The Royal College of Pathologists (RCPA), Australasia’s key medical diagnostic body, is urging New Zealand health officials to take the lead in solving the crisis facing New Zealand’s pathology services.

Dr Debra Graves, chief executive officer of the RCPA, cites a litany of problems contributing to the crisis, such as a shortage of pathologists, the prospect of retirement for many seasoned pathologists, a lack of trainees in the pipeline, and population growth of roughly 5% in the last five years.
The number of full-time equivalent practicing pathologists has decreased by 7% while the complexity and volume of tests performed has increased dramatically, Graves said, noting a shortage of trained pathologists worldwide could exacerbate the situation.
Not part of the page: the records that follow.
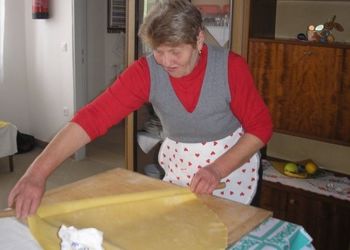 Hagyományos ételreceptek-szilvalekváros rakott tészta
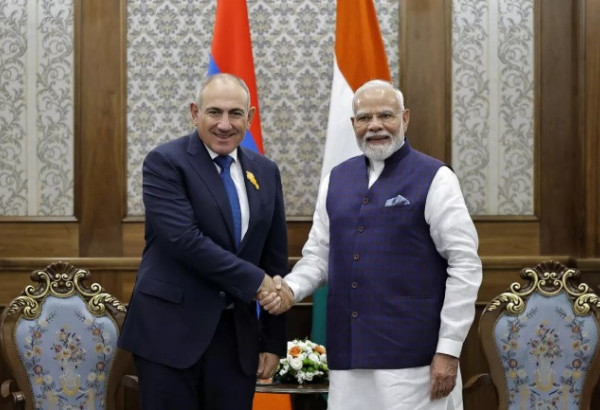 PACHINIAN ET MODI DISCUTENT DE L’ÉLARGISSEMENT DU PARTENARIAT ENTRE L’ARMÉNIE ET L’INDE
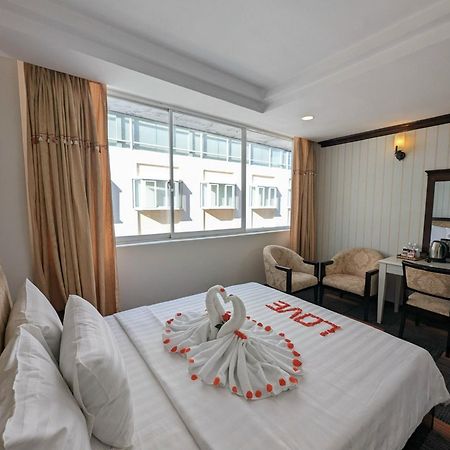 Dong Kinh Hotel Ho Chi Minh-staden Exteriör bild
The RCPA is calling on the Hon. Pete Hodgson, New Zealand’s minister of health, and Stephen McKernan, its director general of health, to take clear leadership roles in the matter.

The lack of a national framework, and the ongoing District Health board tendering process is having a detrimental impact on the quality of the country’s health care, Graves added. The issues could be complicated by tendering contracts under which many laboratories are working, which include no room for volume and cost growth for five to 10 years, and which might threaten the financial viability of pathology providers, according to Graves.

The RCPAs members hail from Australia, New Zealand, Hong Kong, Singapore, and Malaysia. Pathologists diagnose some 70% of diseases.

The organization has said it hopes to work cooperatively with New Zealand officials to address the issues , but officials have shrugged off the College’s warnings.